Birds Of a Feather
Old friends have their eyes on the skies
Like fathers trading progress reports on their children, John and I exchange updates on bluebirds.
It hasn’t always been like this.
For five or six years, John had a bluebird house in his yard. No takers. Annually, he would explain to me that nesting boxes have to season for a time before birds will move in. Gotta get the human scent off them.
Meanwhile, the birdhouses at my place were attracting the wrong kind of tenant. I was excited when first I saw a head poking out of one of the boxes until I trained some binoculars on it and found that it was a palm rat.
At the time, I was living in a house with a wood-burning fireplace. So it was that I had stacked firewood in a corner of my yard at all times. The wood supply served as a rat tenement. And King Rat, I supposed, claimed the single-family residence intended for bluebirds. Chickadees, versus rodent vermin, would have been fine, too.
Even before moving to Tallahassee and becoming an apartment dweller for a time, I gave up on the rat houses ever becoming bird sanctuaries.
Meanwhile, John’s birdhouse remained in place and unoccupied through wind, rain and hurricanes.
Until last spring.
He didn’t trust his eyes at first. Bluebirds. A male perched on the roof of the house while the female checked out the interior. They would take it. Over the next couple of months, John sent me scores of bluebird photos. Nest-building activity. The incubation period. Chicks.
And, I’ll confess, I was a wee jealous. I had never had a relationship with a bluebird. Indeed, I had convinced myself that they preferred houses mounted on fence posts at the edges of Midwestern soybean fields. But John had somehow attracted a pair.
Darn him. He gets all the birds.
John and his wife, Leeann, bought two lots when they built their house way back when. Over many years, the unimproved lot, through benign neglect, grew to be overrun with beautyberry bushes and bracken ferns and brambles nearly impenetrable — a paradise for birds.
I moved into my current home, in Panama City Beach, in August of last year. I almost immediately put out a bird feeder suspended from a shepherd’s hook but went for months without attracting anything but doves. Finally a cardinal or two. And, you most always can attract blue jays with goobers.
Then, unaccountably but unmistakably, on a brilliant, cloudless day, I spied a male bluebird at my feeder and was inspired to one more time put out a house.
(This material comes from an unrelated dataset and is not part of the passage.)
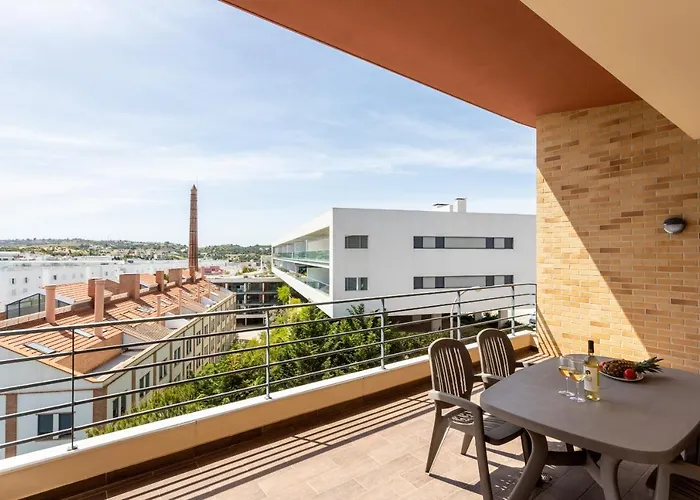 Horizon Apartment By Seewest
I bought a $12 cedar model, a length of 4-by-4, and a 50-pound bag of Sacrete and set them in the yard along with a bucket of water, a level, a screwdriver and a piece of hard plastic sheeting that I found down the street. It may have blown in from Port St. Joe on Oct. 10. In digging the hole, I would place the spoils on the plastic to avoid suffocating grass.
Bob Vila was never more meticulous about his planning.
John stopped by at my request. He supplied me with encouragement and a shovel. I sold my garden tools upon moving to that apartment and haven’t replaced them all yet.
In fairness, I should say that John did help level the post before I watered the Sacrete. After it had set a while, I screwed the birdhouse onto the post and we were done.
It was then that John produced a sandwich bag and its organic contents from a pocket. He proceeded to sprinkle a pinch of whatever the bag contained into my bird feeder and placed another pinch at the base of the post and gave me the rest of the bagful of …
Dried mealworms. Stink like hell, but bluebirds love them. What a magnanimous gesture on his part. This is what true friends are for. Only John could have caused me to make a new habit of buying $13 bags of beetle larvae.
The bluebirds are back for Year 2 at John’s place, I had move-ins three days after my house went up and we now engage in a Bluebird Dialogue via texting and tweeting.
It is March as I write this and we agree that the chicks should be here any day now.
We can’t wait. We are older now and post storm.